>>>
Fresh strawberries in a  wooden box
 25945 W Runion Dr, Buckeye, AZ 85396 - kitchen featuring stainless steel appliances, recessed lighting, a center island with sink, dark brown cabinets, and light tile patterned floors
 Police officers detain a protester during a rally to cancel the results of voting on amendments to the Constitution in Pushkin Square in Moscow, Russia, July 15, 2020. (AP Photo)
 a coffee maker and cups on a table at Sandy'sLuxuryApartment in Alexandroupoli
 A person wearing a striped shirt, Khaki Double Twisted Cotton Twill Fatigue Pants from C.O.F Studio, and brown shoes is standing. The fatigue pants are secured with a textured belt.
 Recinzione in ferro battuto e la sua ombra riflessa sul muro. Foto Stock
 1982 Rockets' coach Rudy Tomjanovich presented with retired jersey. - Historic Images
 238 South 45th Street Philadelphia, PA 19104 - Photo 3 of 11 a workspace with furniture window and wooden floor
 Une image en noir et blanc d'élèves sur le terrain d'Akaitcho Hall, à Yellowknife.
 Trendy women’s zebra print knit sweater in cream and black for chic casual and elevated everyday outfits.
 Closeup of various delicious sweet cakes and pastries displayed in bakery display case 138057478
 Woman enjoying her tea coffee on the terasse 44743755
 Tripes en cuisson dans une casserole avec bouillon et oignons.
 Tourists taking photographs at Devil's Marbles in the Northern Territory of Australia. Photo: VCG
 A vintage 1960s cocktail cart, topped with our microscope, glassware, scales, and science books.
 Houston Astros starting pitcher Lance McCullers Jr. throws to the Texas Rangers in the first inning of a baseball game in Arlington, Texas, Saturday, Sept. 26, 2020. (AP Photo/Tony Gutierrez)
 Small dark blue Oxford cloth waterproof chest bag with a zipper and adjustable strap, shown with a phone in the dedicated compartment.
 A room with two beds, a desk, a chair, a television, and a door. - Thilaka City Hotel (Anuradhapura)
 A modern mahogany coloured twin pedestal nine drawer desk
<<<
→ **Your instructions**
Line by line, set down the material exactly as given.

→ **Response area**
Fresh strawberries in a  wooden box
 25945 W Runion Dr, Buckeye, AZ 85396 - kitchen featuring stainless steel appliances, recessed lighting, a center island with sink, dark brown cabinets, and light tile patterned floors
 Police officers detain a protester during a rally to cancel the results of voting on amendments to the Constitution in Pushkin Square in Moscow, Russia, July 15, 2020. (AP Photo)
 a coffee maker and cups on a table at Sandy'sLuxuryApartment in Alexandroupoli
 A person wearing a striped shirt, Khaki Double Twisted Cotton Twill Fatigue Pants from C.O.F Studio, and brown shoes is standing. The fatigue pants are secured with a textured belt.
 Recinzione in ferro battuto e la sua ombra riflessa sul muro. Foto Stock
 1982 Rockets' coach Rudy Tomjanovich presented with retired jersey. - Historic Images
 238 South 45th Street Philadelphia, PA 19104 - Photo 3 of 11 a workspace with furniture window and wooden floor
 Une image en noir et blanc d'élèves sur le terrain d'Akaitcho Hall, à Yellowknife.
 Trendy women’s zebra print knit sweater in cream and black for chic casual and elevated everyday outfits.
 Closeup of various delicious sweet cakes and pastries displayed in bakery display case 138057478
 Woman enjoying her tea coffee on the terasse 44743755
 Tripes en cuisson dans une casserole avec bouillon et oignons.
 Tourists taking photographs at Devil's Marbles in the Northern Territory of Australia. Photo: VCG
 A vintage 1960s cocktail cart, topped with our microscope, glassware, scales, and science books.
 Houston Astros starting pitcher Lance McCullers Jr. throws to the Texas Rangers in the first inning of a baseball game in Arlington, Texas, Saturday, Sept. 26, 2020. (AP Photo/Tony Gutierrez)
 Small dark blue Oxford cloth waterproof chest bag with a zipper and adjustable strap, shown with a phone in the dedicated compartment.
 A room with two beds, a desk, a chair, a television, and a door. - Thilaka City Hotel (Anuradhapura)
 A modern mahogany coloured twin pedestal nine drawer desk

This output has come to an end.